What needs to be done -> Looking at the listing below, retype exactly the lines starting at the one containing "Load image into" and ending at the one containing "Casa para aluguel", both included, and nothing else.
◇ ◇ ◇
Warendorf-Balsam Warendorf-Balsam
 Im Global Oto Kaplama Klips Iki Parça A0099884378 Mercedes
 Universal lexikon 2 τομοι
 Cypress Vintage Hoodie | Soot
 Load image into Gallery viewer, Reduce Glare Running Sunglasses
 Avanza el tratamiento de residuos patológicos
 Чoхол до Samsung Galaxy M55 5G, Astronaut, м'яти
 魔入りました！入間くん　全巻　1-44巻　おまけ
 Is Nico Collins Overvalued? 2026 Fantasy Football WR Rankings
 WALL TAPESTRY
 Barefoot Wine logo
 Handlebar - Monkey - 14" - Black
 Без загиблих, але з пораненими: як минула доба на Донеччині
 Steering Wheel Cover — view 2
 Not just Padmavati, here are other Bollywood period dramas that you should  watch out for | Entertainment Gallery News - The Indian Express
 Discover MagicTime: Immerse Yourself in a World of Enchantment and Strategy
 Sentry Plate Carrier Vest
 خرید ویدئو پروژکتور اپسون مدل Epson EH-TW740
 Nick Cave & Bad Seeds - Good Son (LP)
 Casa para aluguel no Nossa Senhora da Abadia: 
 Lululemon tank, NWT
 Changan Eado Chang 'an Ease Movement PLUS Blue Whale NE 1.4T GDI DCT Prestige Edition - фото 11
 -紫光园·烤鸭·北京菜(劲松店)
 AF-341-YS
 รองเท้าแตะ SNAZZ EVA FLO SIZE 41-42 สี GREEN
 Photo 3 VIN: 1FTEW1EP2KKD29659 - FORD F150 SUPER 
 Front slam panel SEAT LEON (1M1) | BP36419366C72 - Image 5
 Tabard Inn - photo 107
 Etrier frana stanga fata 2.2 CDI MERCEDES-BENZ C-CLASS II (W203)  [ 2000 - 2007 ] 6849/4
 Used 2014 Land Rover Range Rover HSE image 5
◇ ◇ ◇
Written solution ->
 Load image into Gallery viewer, Reduce Glare Running Sunglasses
 Avanza el tratamiento de residuos patológicos
 Чoхол до Samsung Galaxy M55 5G, Astronaut, м'яти
 魔入りました！入間くん　全巻　1-44巻　おまけ
 Is Nico Collins Overvalued? 2026 Fantasy Football WR Rankings
 WALL TAPESTRY
 Barefoot Wine logo
 Handlebar - Monkey - 14" - Black
 Без загиблих, але з пораненими: як минула доба на Донеччині
 Steering Wheel Cover — view 2
 Not just Padmavati, here are other Bollywood period dramas that you should  watch out for | Entertainment Gallery News - The Indian Express
 Discover MagicTime: Immerse Yourself in a World of Enchantment and Strategy
 Sentry Plate Carrier Vest
 خرید ویدئو پروژکتور اپسون مدل Epson EH-TW740
 Nick Cave & Bad Seeds - Good Son (LP)
 Casa para aluguel no Nossa Senhora da Abadia: 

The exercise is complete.